The Scorpion Is King
One of Pat Riley's favorite pregame parables concerns the scorpion who needs to get across the creek and the frog whom he asks for a ride.
"I can't trust you," the frog says.
"Sure you can," the scorpion says, hopping on the frog's back.
Midway across, the scorpion stings the frog.
"Why would you do that?" the frog asks, sinking toward the bottom. "Now we're both gonna die."
Scorpion: "I can't help it. I'm a scorpion. It's my nature."
The scorpion is back on the Miami Heat bench today, feeding his own ego as much as he's chasing a championship and Phil Jackson.
Pat Riley cannot help himself. It's his nature.
It's premature to suggest he took Stan Van Gundy down with him. Van Gundy went out of his way to clear Riley of any conniving and conspiracy yesterday. He resigned as the Heat's head coach after just two seasons and 21 games, 18 of which were played without an injured Shaquille O'Neal.
Riley even got weepy, welling up as Van Gundy gave his primary reason for stepping down: family. Van Gundy checked the Heat's schedule and realized he would be home with his children just 49 out of the season's 170 days. That was too much to give up for coaching one of the most theatrical and talented teams in pro basketball.
"He said family, he meant family," Bill Van Gundy said in a phone interview. The coaching lifer and the father of Stan and Jeff, the Houston Rockets' coach added, "I'll just say one thing about this: My sons have had a good history of making good decisions for themselves."

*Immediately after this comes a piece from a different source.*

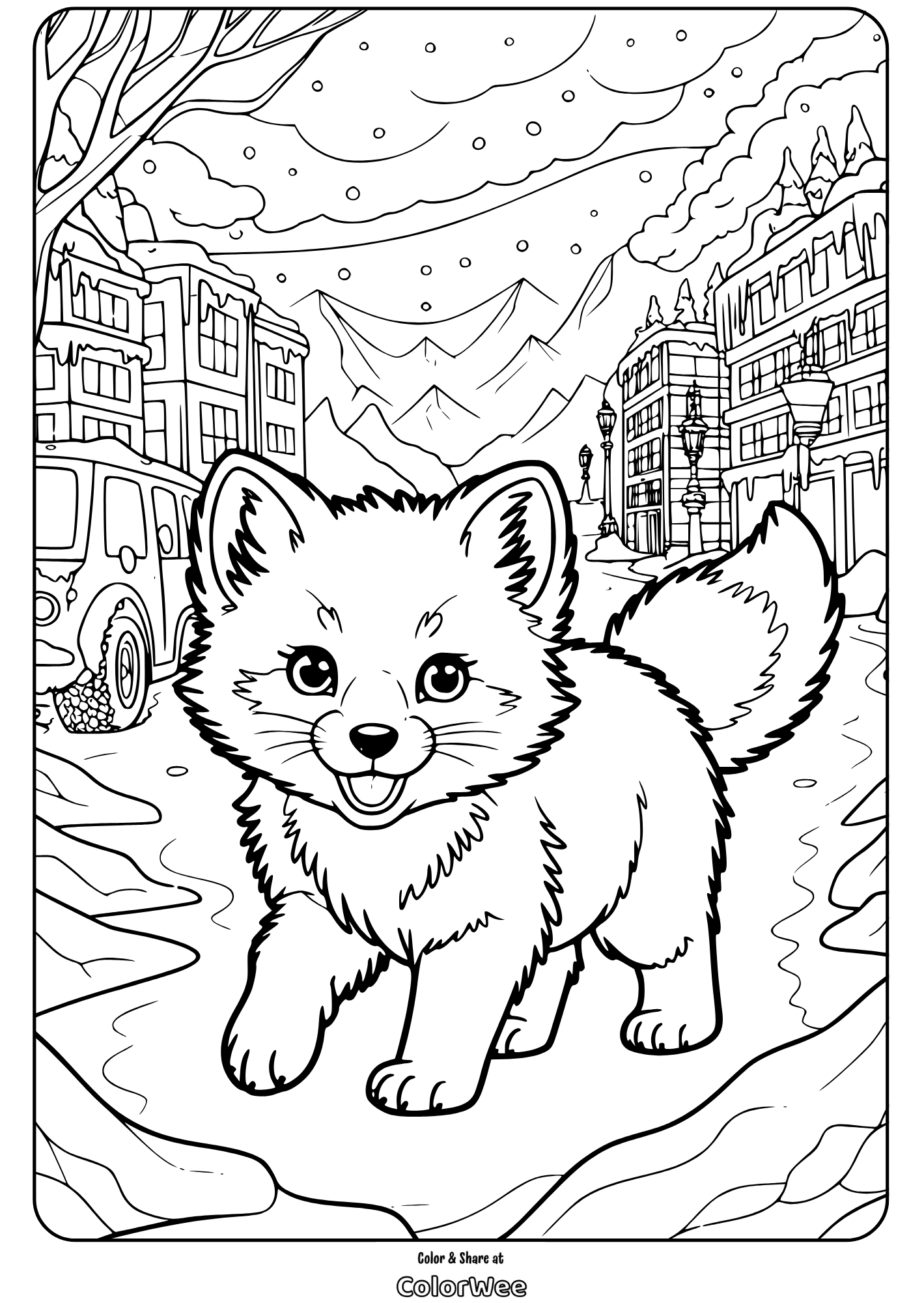 Adorable arctic fox in snowy village coloring page.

Jeff Van Gundy got out of New York three years ago almost to the day. He got out as the poorly run Knicks were about to plummet into the abyss. Jeff got them before they got him. Stan Van Gundy orchestrated his own exit, too, before his boss upstairs made his job untenable. Because, as sincere and moving as the entire news conference was yesterday in South Beach, that day was eventually coming.